* WHAT THIS TASK INVOLVES
As soon as the line containing "LEGO Legends of" appears, copy it and every following line word for word until the records end.

* MATERIAL TO PROCESS
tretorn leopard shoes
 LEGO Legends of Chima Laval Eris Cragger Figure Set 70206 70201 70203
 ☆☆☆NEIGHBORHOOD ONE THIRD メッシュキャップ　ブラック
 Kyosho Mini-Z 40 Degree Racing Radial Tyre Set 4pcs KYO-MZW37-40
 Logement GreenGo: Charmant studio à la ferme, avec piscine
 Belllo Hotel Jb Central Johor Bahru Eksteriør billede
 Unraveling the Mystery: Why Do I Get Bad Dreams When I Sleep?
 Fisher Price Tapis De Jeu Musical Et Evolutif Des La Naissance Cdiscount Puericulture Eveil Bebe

* REPLY
 LEGO Legends of Chima Laval Eris Cragger Figure Set 70206 70201 70203
 ☆☆☆NEIGHBORHOOD ONE THIRD メッシュキャップ　ブラック
 Kyosho Mini-Z 40 Degree Racing Radial Tyre Set 4pcs KYO-MZW37-40
 Logement GreenGo: Charmant studio à la ferme, avec piscine
 Belllo Hotel Jb Central Johor Bahru Eksteriør billede
 Unraveling the Mystery: Why Do I Get Bad Dreams When I Sleep?
 Fisher Price Tapis De Jeu Musical Et Evolutif Des La Naissance Cdiscount Puericulture Eveil Bebe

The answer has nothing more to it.